Existe uma agonia instaurada, uma crueldade. Comam, bebam, riam, pois esse é o ciclo, uma hora o cartão do qual já nem se lembram, fará o papel de juiz e os levará a uma fala que questionará seu entretenimento; até que ponto "a selvageria da cena, não é a selvageria da vida?". Entre os estereótipos propositais e fortemente marcados pelo carrão chefe do espetáculo; o recorte de classes sociais, algo que nos escapa e insurge por intenção, ou melhor, nos empurra à nos depararmos de frente com um fato! Estamos vivendo a trama! Isso nos impede de tornar o ato meramente ficcional. O chão em que Zeca de Uma Cesta Só decide dançar é extremamente sinuoso.

A realidade do ser pobre é visceral neste trabalho, mas o que atravessa o discurso da obra aqui é seu olhar racial, não existem reticências, estamos falando de gente preta na ficção e estamos retratando com gente preta na vida real. Até onde o patrão negro não é tão vítima desse sistema quanto sua empregada? Não sejamos tolos, nesse ponto é impossível não perceber onde estão os privilégios, mas o que de fato pulsa é a percepção de que não há posição confortável contra a soberania do estado a não ser que você o seja, enquanto agente consciente ou marionete. Todos aqueles que decidem abortar por meio do questionamento o mérito, o reverso e o vitimismo, apontando as reações de represálias do (cis)tema a sua volta acabam por estar diante de uma política pautada na morte.

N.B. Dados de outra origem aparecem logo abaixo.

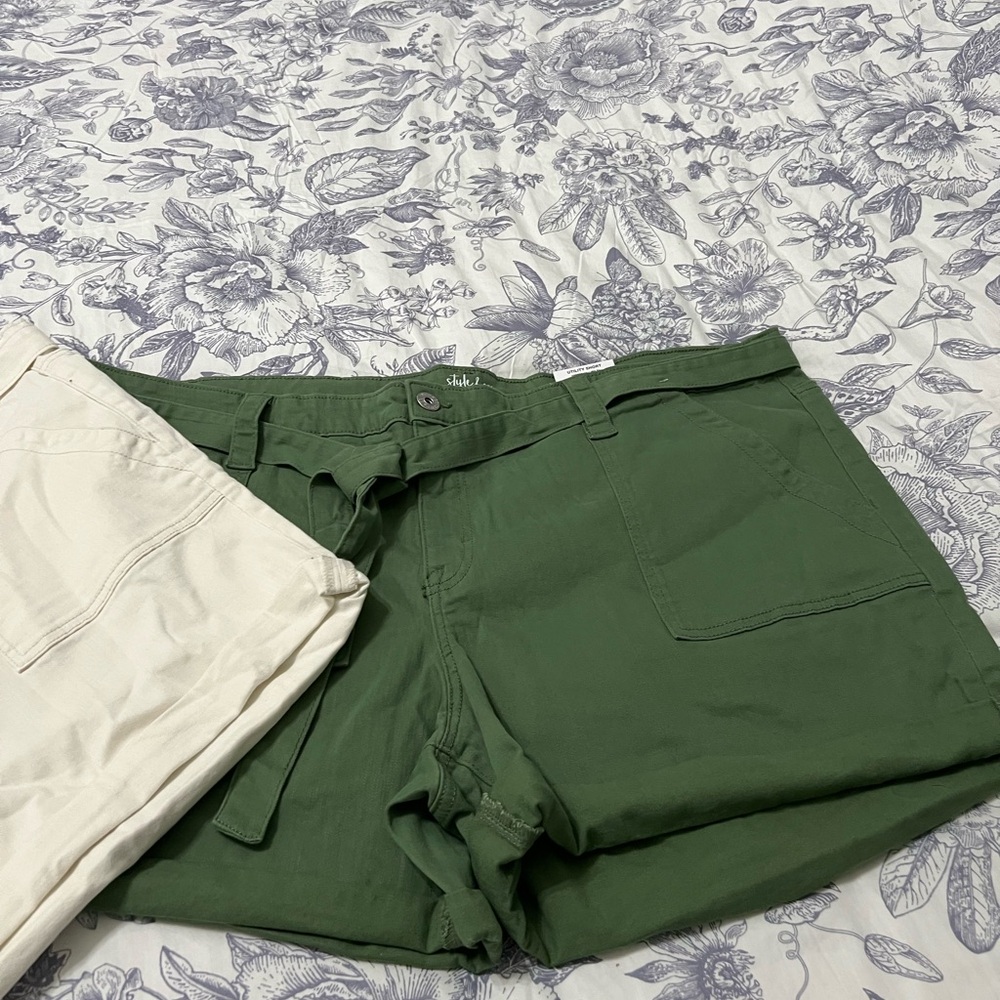 Style & Co. Cream Plus Size Pants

O racismo é a manutenção de uma política que dita quem morre e quem vive. Mesmo em suas instâncias menos propositais, Zeca de Uma Cesta Só está falando e dando uma aula sobre Biopoder, apontando que mesmo em sua "unidade" o pobre possui bifurcações biológicas, étnicas e culturais mediante as relações que categorizam sua funcionalidade entre a manutenção do poder e a zona de descarte. E essa discussão está longe de ter um fim, distante de se concluir pela via da arte, ou do teatro mais especificamente. Contudo enxergar essa pauta cada vez mais frequente no discurso de nossa sina é algo que não pode ficar apenas em Zeca.

Para além disso, é necessário contaminar-se por um teatro menos centrado na ideia do estar para ser visto e apontar um fazer inquieto e micro revolucionário, uma arte de guerriilha, encontros que gerem motim! Estamos falando de um teatro de reação emergente, porém não seremos todos! É uma ilusão esse querer, mas que hajam uns resistentes ao fazer do pão e circo burguês.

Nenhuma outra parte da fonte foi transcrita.